Memory Flashcards
What is coding in terms of memory?
The process of converting information between different forms in memory.
What is capacity in terms of memory?
The amount of information that can be held in a memory store.
What is duration in terms of memory?
The length of time information can be held in memory
Outline Baddeley’s research on coding.
4 groups given different lists of words (semantically similar, semantically dissimilar, acoustically similar, acoustically dissimilar), they had to recall the list in the correct order, when recalling immediately after (STM) they did worse with acoustically similar words, when recalling after 20 mins (LTM) they did worse with semantically similar words.
How did Jacobs measure the digit span of participants?
Read out 4 numbers and asked them to repeat them, if they got it right he added a number, etc until they got it wrong.

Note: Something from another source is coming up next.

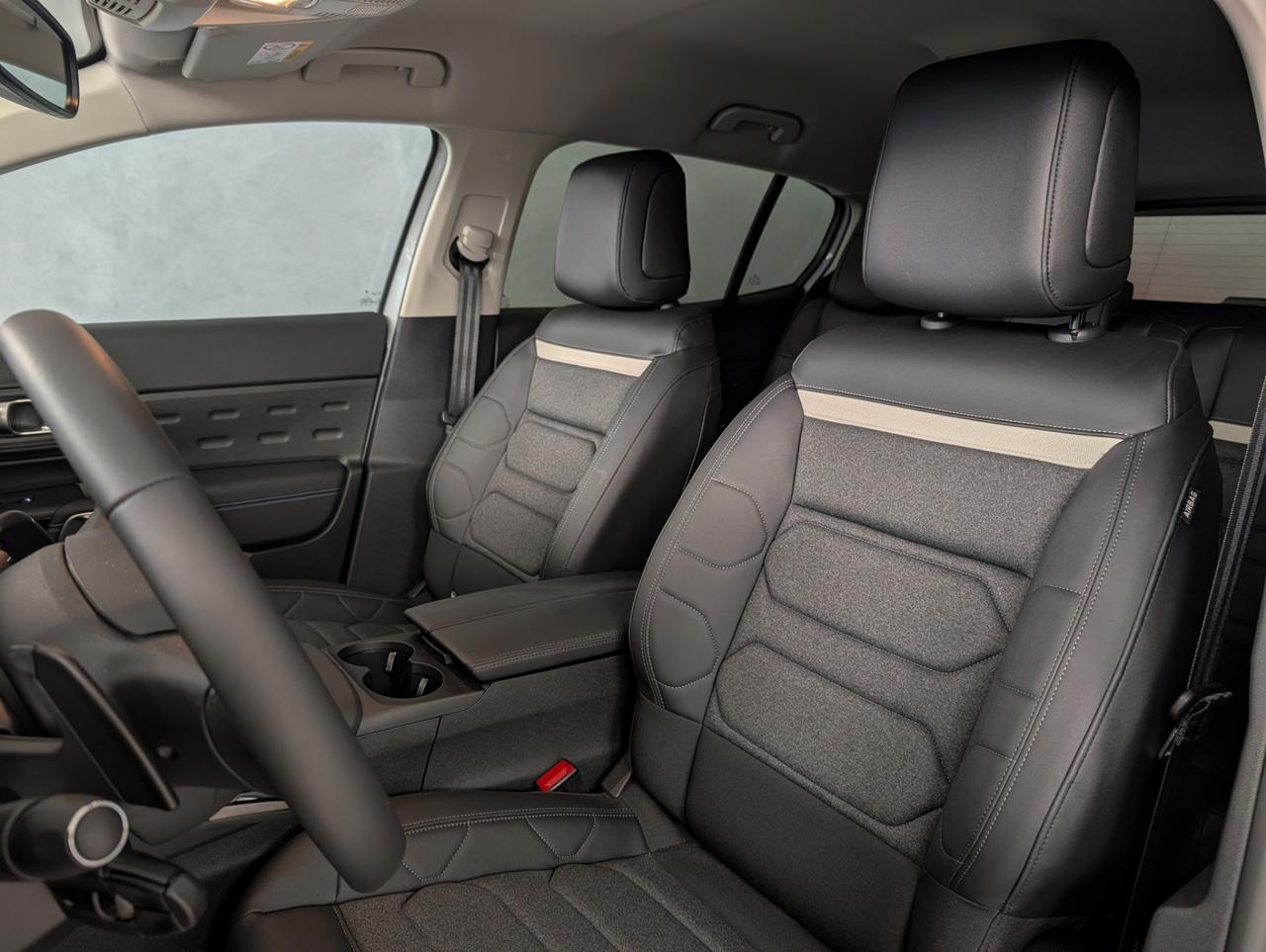 Citroen 1.5 bluehdi 130cv eat8 Max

What was the mean digit span across Jacobs’s participants?
9.3 items
What is a strength of Jacobs’s capacity study?
It has been replicated. Jacobs’s study is very old, and old studies sometimes lack control over some variables. Despite this, Jacobs’s findings have been replicated by more recent studies. This suggests Jacobs’ study is a valid test of digit span in STM.
Outline Peterson and Peterson’s study on STM duration.
24 students were tested 8 times. Each student was given a consonant syllable and a 3-digit number to remember. The students counted backwards from this number until they were told to stop (this was to prevent mental rehearsal). In each test, they were told to stop after a different amount of time (the retention interval).
What do the findings of Peterson and Peterson’s study on STM duration suggest?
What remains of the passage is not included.